= The Economics of Ecosystems and Biodiversity =

Study

The Economics of Ecosystems and Biodiversity (TEEB) was a study led by Pavan Sukhdev from 2007 to 2011. It is an international initiative to draw attention to the global economic benefits of biodiversity. Its objective is to highlight the growing cost of biodiversity loss and ecosystem degradation and to draw together expertise from the fields of science, economics and policy to enable practical actions. TEEB aims to assess, communicate and mainstream the urgency of actions through its five deliverables—D0: science and economic foundations, policy costs and costs of inaction, D1: policy opportunities for national and international policy-makers, D2: decision support for local administrators, D3: business risks, opportunities and metrics and D4: citizen and consumer ownership.

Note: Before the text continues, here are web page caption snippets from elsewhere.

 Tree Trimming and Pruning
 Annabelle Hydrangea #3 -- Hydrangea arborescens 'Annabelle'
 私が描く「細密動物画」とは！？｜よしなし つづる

One motive for the study was to establish an objective global standard basis for natural capital accounting. Estimates establish the cost of biodiversity and ecosystem damage expected to cost 18% of global economic output by 2050 and currently at over US$2T (for the largest 3000 companies according to Trucost), with some estimates as high as US$6T/year. The World Bank in particular has led recent efforts to include the cost of biodiversity and climate harm in national accounts.

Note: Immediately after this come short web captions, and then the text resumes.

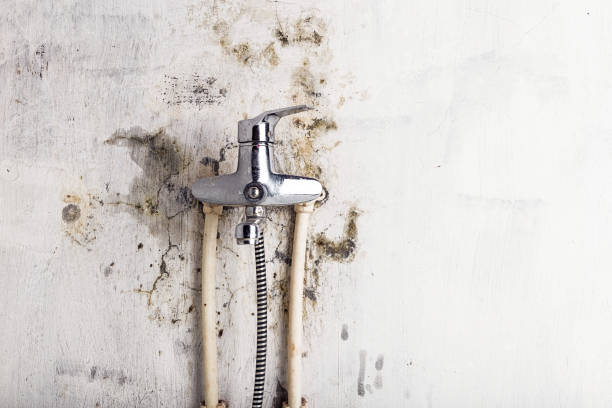 Best HVAC Mold Remediation in Waterbury, CT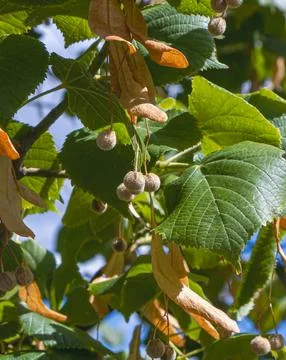 Linden tree seed clusters with papery bracts and green leaves glowing in wa.. Stock Photos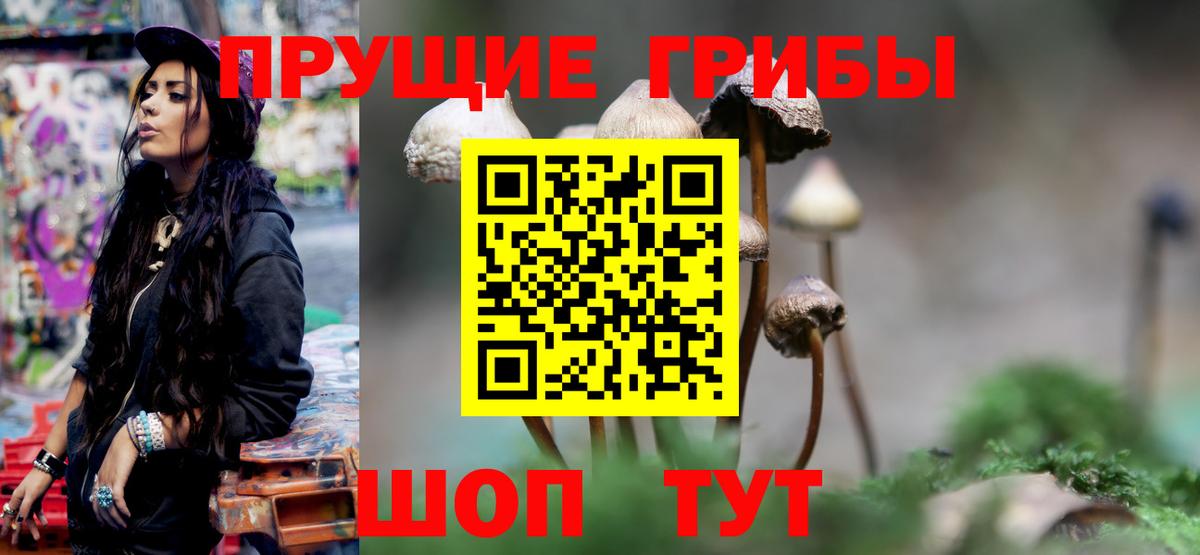 Псилоцибиновые грибы прущие грибы  Вход с VPN  Шадринск 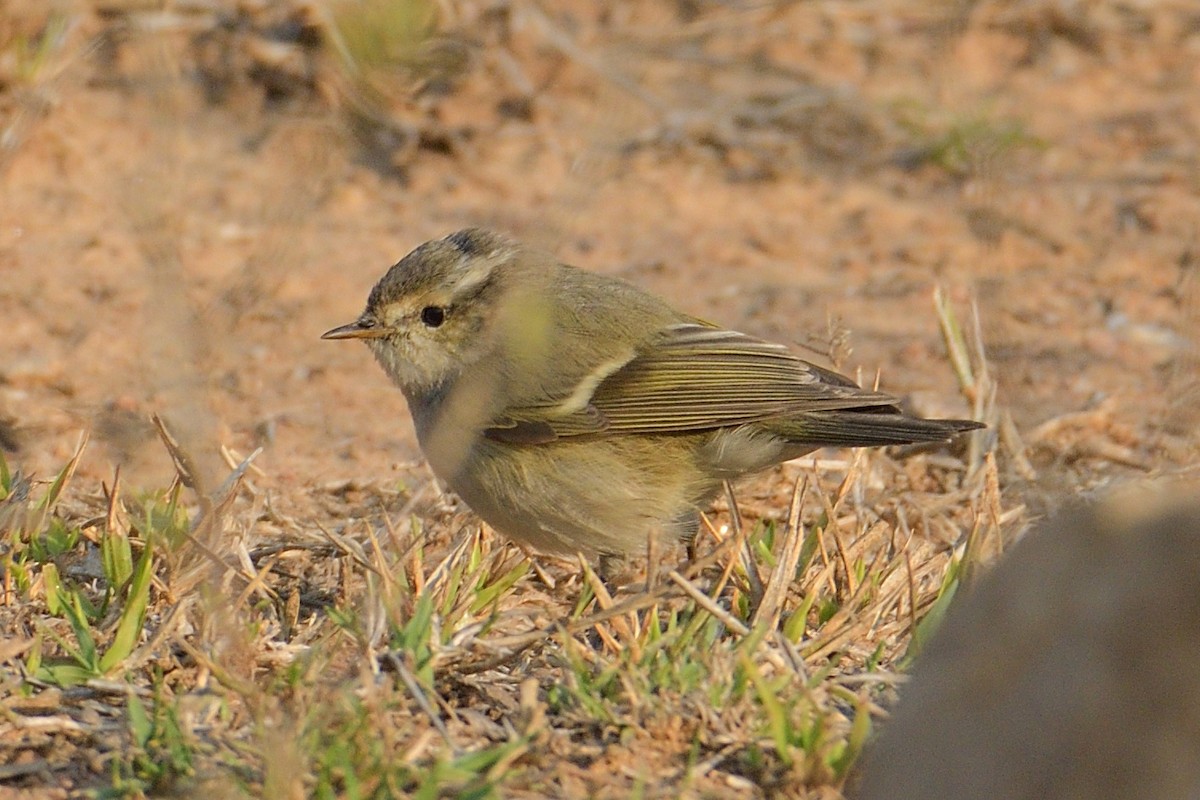 Hume's Warbler - ML203215911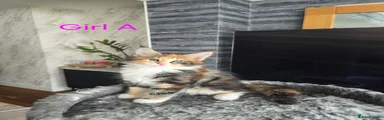 Maine Coon 1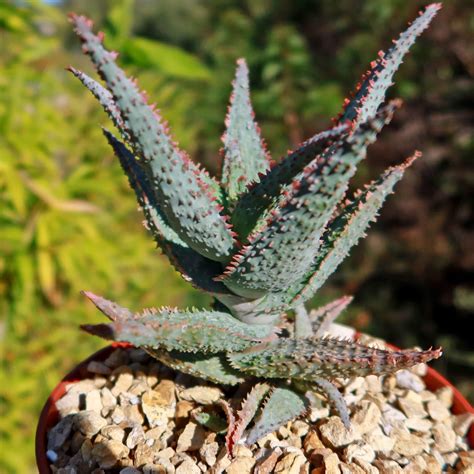 Purple People Eater Aloe Aloe Hybrid Shop Online At Planet Desert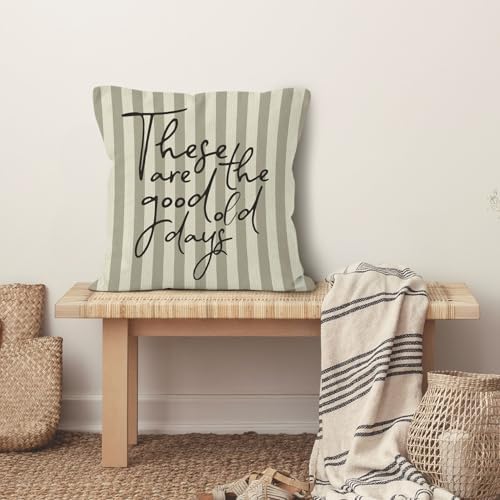 Inspirational These are the Good Old Days Throw Pillow Cover 18x18, Positive Motivational Decorative Pillow Covers for Home Living Room Bedroom, Neutral Striped Accent Pillows Cover Pillowcases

Its sponsors declared TEEB to be a "major international initiative to draw attention to the global economic benefits of biodiversity, to highlight the growing costs of biodiversity loss and ecosystem degradation, and to draw together expertise from the fields of science, economics and policy to enable practical actions moving forward." In October 2010 it released its report "Mainstreaming the Economics of Nature: a synthesis of the approach, conclusions and recommendations of TEEB" and launched the Bank of Natural Capital to communicate its findings to the general public.

==History==
The TEEB study was launched by Germany and the European Commission in response to a proposal by the G8+5 Environment Ministers in Potsdam, Germany in 2007, to develop a global study on the economics of biodiversity loss. The second phase of the TEEB study is hosted by the United Nations Environment Programme (UNEP) with support from a number of organizations, including the European Commission, German Federal Ministry for Environment, Nature Conservation and Nuclear Safety and the UK Department for Environment, Food and Rural Affairs.

Pavan Sukhdev, a senior banker from Deutsche Bank, and founder-director of the green accounting project GIST (Green Indian States Trust) in India. The TEEB Advisory Board includes experts from the fields of science and economics.

The TEEB Interim Report was released in May 2008 under Phase I. The report provided evidence for significant global and local economic losses and human welfare impacts due to the ongoing losses of biodiversity and degradation of ecosystems. It focused largely on forests and looked at the extent of losses of natural capital taking place as a result of deforestation and degradation. TEEB estimates that this is US$2–4.5 trillion per year, every year.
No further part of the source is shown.